Super, super misto!!! Excellent exercise! Next?!

sberacatalin

Found a neat example based on and inspired by one of your other videos…the second expression is contained in the first which is
2 rt(2+rt(16+8 rt(3)))
Second is
Rt(16+8 rt(3))
Both simplify to
2 + 2 rt(3)
!

lightfantastic

Beware that there are constraints to the value of x. Once you take the denominator and all the radicals into account, x>=1.

robertlunderwood

I think this question have 2 answers. When X not equat to 0, this equation equals to Sqrt(2).
When x = 0, this equation comes to be 0/0, and I think 0/0 equals to 1.

AllanPoeLover

the first method is brilliant i liked it i went on to rationalise 3-4 times to get the answer

siddharthabhattacharya

As soon as I saw this problem I did method in my head. Guess I'm learning from you. Thanks

noahvale

There's is absolutely no difference between 1st and 2nd method.
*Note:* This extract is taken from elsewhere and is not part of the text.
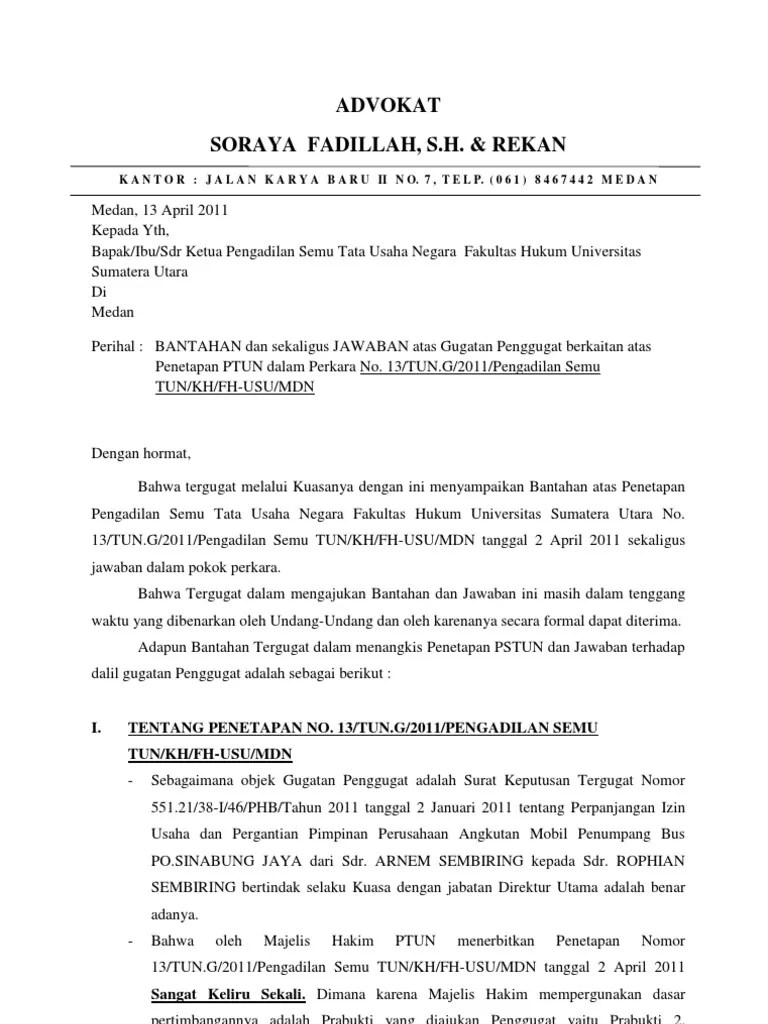 Putusan pengadilan agama malang tentang gugat cerai no. Contoh Surat Eksepsi Dalam Ptun - Download Kumpulan Gambar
Third method you have proove for x=1, what if x gt 1.

vcvartak

hii sir, how r u, root 2 is the answer, both the methods are explained in a great manner by you, nice !

imranakhtar

What app/software do you use for writing notes?

maryamhosseini

I just squared the whole thing..and got positive and negative square root of 2.

leif

Problem seems to find right substitution... (s or A this case)

jarikosonen